How to adjust to a diminished stimulus impulse will be one of the main challenges for the next government after elections in September. The current coalition of Conservatives and the right-wing Progress Party has unleashed record oil cash spending equal to almost 8 percent of mainland gross domestic product this year to keep the economy afloat amid a plunge in oil prices.
But even politicians have realized that this can’t continue, in particular since the plunge in interest rates over the past decade has diminished returns for Norway’s wealth fund. The government, which last year made its first withdrawals from the fund, recently proposed tightening the fiscal spending rule that governs how much oil money should be used, capping the the amount to 3 percent of the fund’s value from 4 percent.
‘Oil Adventure’
While “oil adventure” isn’t over we can’t depend the sector being the main driving force for the economy, Finance Minister Siv Jensen said in a speech in Oslo Thursday.

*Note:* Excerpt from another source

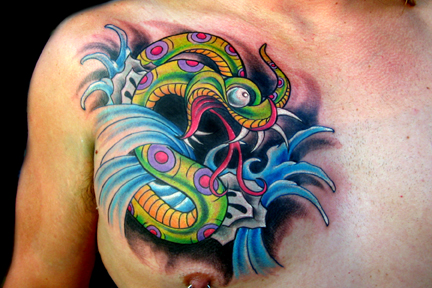 Tattoos - Cartoon tattoos - Snakes on a MFin Chest Yo!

“Lower oil income will depress inflows to the fund in coming years and give us less room to increase withdrawals,” she said.
But even if oil prices rise more than forecast, the government’s infrastructure and education spending plans then risk being squeezed by a rising krone. That’s because a stronger krone reduces the size of the wealth fund, which is invested abroad.
While the krone has weakened this year, it’s still up about 3 percent from low last year. The price of oil has also rallied 37 percent from an April 2016 low, even though it has recently sold off to about $51 from $57 at the start of the year.
Eika and his colleagues at the statistics agency have drawn up a scenario where the price of oil reaches $70 by the end of this year and stays there until the end of 2020. The outcome of the economic modeling came as a surprise to the economists.
The currency effect will be the strongest at first, shrinking the size of the sovereign wealth fund by 197 billion kroner ($23 billion) in 2018. The effect from higher oil prices won’t compensate for the losses until 2021, according to the economists.
The exercise demonstrate that the government will need to rely on a continued weak currency to avoid breaching its newly proposed 3 percent spending rule.
"Breaching the fiscal spending rule now, after it recently has been proposed amended, it would be very strange when the GDP-gap is closing," Eika said.